In the same vein, after Covid-19, Grab made it a point to launch programs to help MSMEs (Micro, Small and Medium Enterprises) succeed. The country has a total of 64.2 million MSMEs that make up about 97% of all employment. This is something that can only be accomplished by an app that is hyper-localized.

Would this type of localization work in the West? It’s possible, but consider what a melting pot cities like New York and Los Angeles are. While Indonesia has large cities of its own, there is a certain homogeneousness that exists there, as with China and South Korea. With the exception of Bali, Indonesia is predominantly Muslim, leading the Grab app to recommend places that are Halal to its user base. This could never work in the United States, being that religion is just one example of how different two next store neighbors in Brooklyn can really be. How the West digests content varies more across cities and countries because there are more unique differences in their populations. Having one app may make less sense, since it would need to be localized for many different communities all at once.

Perhaps another reason why the West is reluctant comes down to risk.

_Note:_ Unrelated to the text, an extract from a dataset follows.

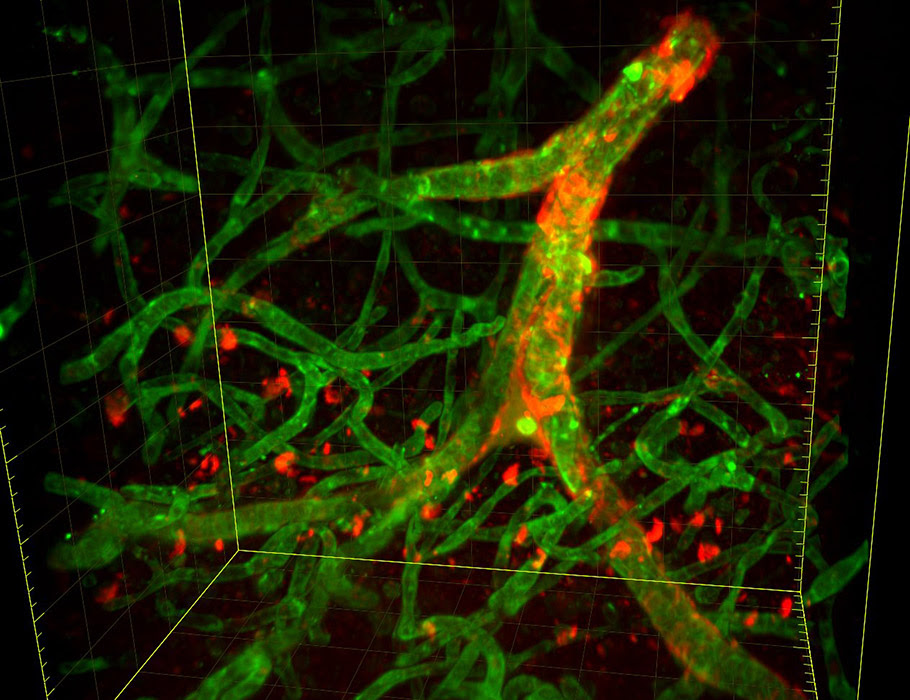 Beta amyloid is stained in red, collagen in green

The ability to do multiple things from one app can result in a more seamless user experience. It means I don’t have to have a lot of things open or have to search through my iPhone for where I put that app icon (although the iPhone’s search function has since gotten easier). But does that suggest using multiple apps for different tasks makes for a bad one? Not necessarily. In October of 2022, South Korea’s super-app Kakao went down, sending the country into a frenzy. This snafu led to the co-CEO resigning and the company planning to invest more than $300 million to build a data center to ensure this would never happen again. This kind of outage with an all-in-one app is a lot more serious than if Instagram goes down for a few hours — they house a person’s digital life. In South Korea, for example, Kakao began as a messaging app but now acts as a grocery service, taxi service, and more, meaning any downtime is quite a big deal.

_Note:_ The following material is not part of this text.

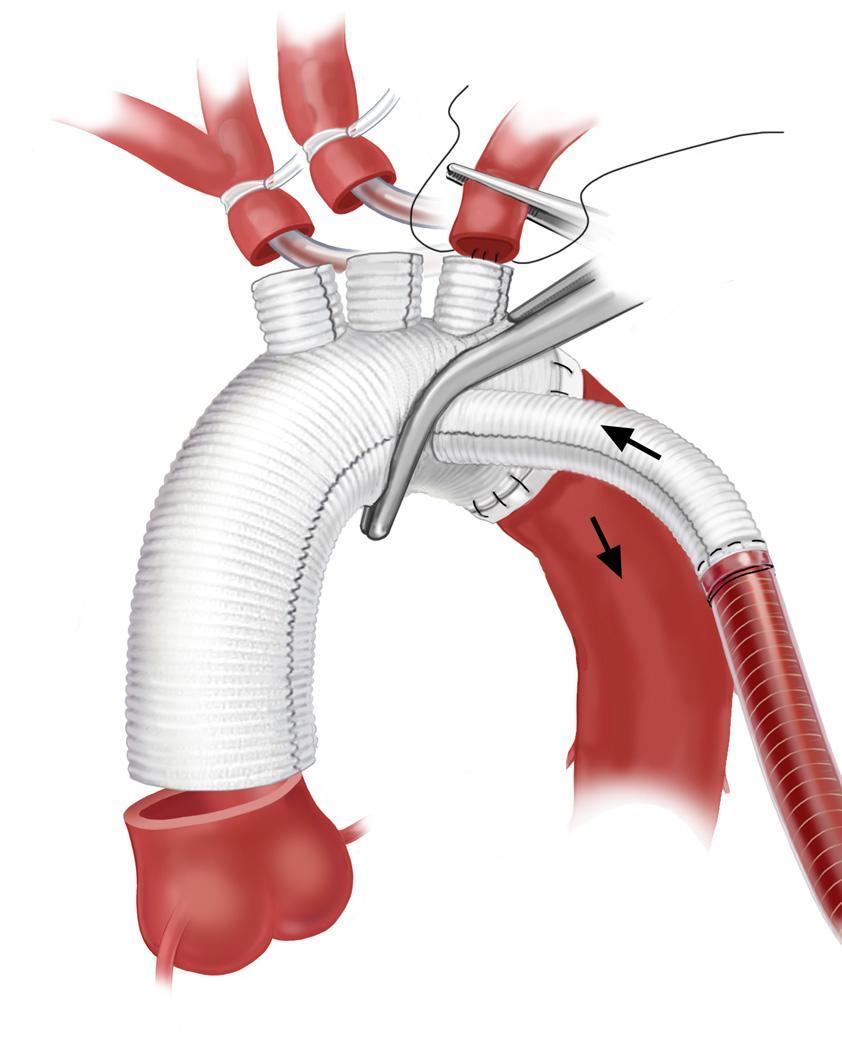 Open Total Arch Repair Technically demanding Complex circulatory management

Additionally, regulation plays a big role in why the West has not truly entered the super-app space. Super-apps are powerful because they can understand their user and all of their needs through data. This data-sharing through every aspect of a user’s life means they know when a user is moving, needs groceries, needs a doctor, and is behind on a bill payment. Many of the countries where super-apps are popular have looser data policies compared with the West, especially Europe, which since 2018, has had the toughest privacy and security law in the world in GDPR. Data and privacy are even the focal points of what companies like Apple boast about, probably because there is an increase in societal distrust of big tech in general.

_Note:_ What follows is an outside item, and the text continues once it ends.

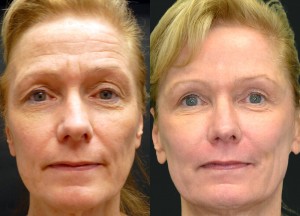 Laser resurfacing, fillers, botox, upper blepharoplasty, fat grafting before and after pictures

Despite our reluctance, however, there is a lot we can learn from the success of super-apps elsewhere. Grab itself is a lesson in how to understand a customer and create a seamless user experience that is usable, enjoyable, and delightful. We don’t necessarily need one app to rule them all for the US or other Western markets. But we should think about how we can link experiences together in a way that makes sense for customers. Consider how Elon Musk is thinking about Twitter, a platform that has notoriously been criticized for not making money. Would it be plausible to pay for groceries or order a car straight from where you tweeted? Maybe. And he’s definitely got aspirations in that direction. Instead of taking the Frankenstein’s monster approach we saw with Facebook, though, a successful strategy here would likely have to be thoughtful and nuanced. Less super-app and more value-added services.

The truth is, the super-app will probably never make it to our shores in its current form. The appetite just isn’t there. It’s what we borrow from that strategy and how we build on it and customize it for users that will be interesting to watch.